#### Extracted material

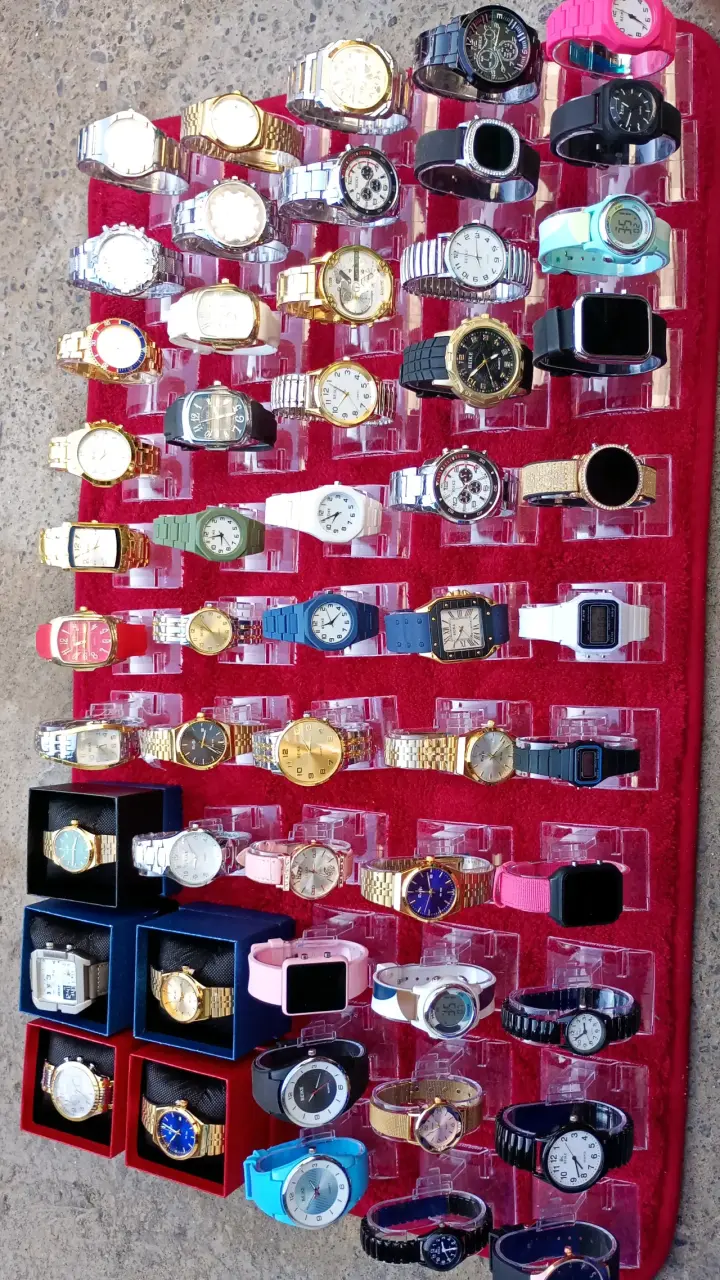 Reloj pulsera dorado elegante - 2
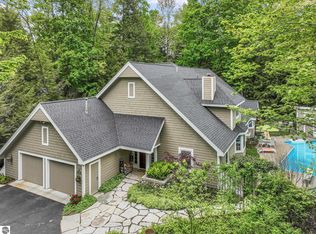 6936 Mission Rdg, Traverse City, MI 49686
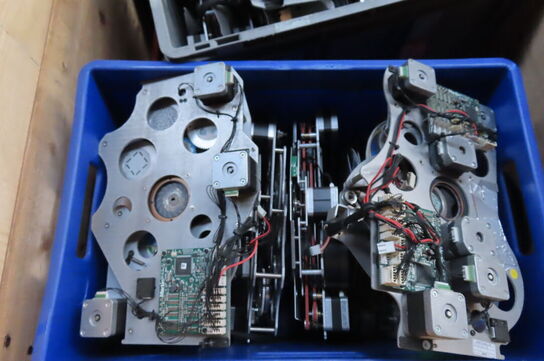 Palle med diverse reservedele til lys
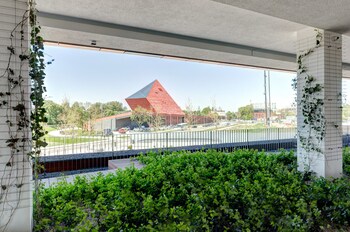 old town river point by welcome apartment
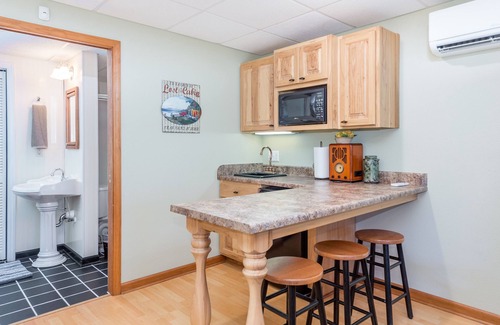 Lake Lure Cabin | Mountain-View Cabin - Chimney Rock & Lake Lure - Hot Tub, Pool Table, Sleeps 10
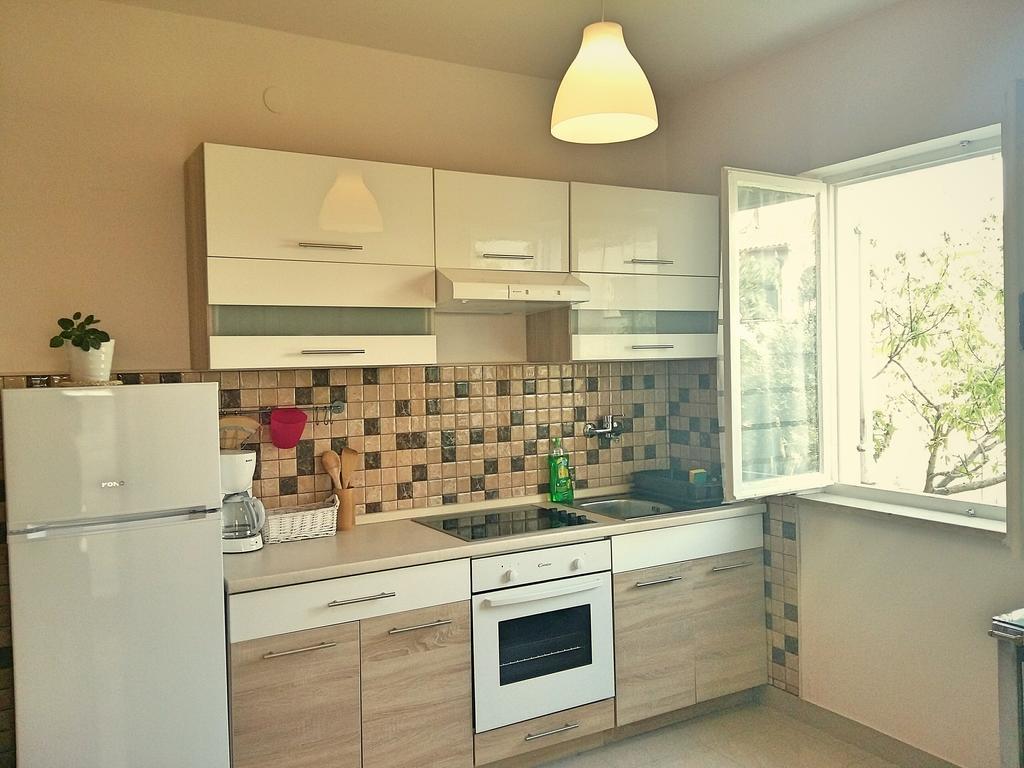 Jimmy Apartments พูลา ภายนอก รูปภาพ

########

Please output the material as written, apart from the images.

## Worked solution
 Reloj pulsera dorado elegante - 2
 6936 Mission Rdg, Traverse City, MI 49686
 Palle med diverse reservedele til lys
 old town river point by welcome apartment
 Lake Lure Cabin | Mountain-View Cabin - Chimney Rock & Lake Lure - Hot Tub, Pool Table, Sleeps 10
 Jimmy Apartments พูลา ภายนอก รูปภาพ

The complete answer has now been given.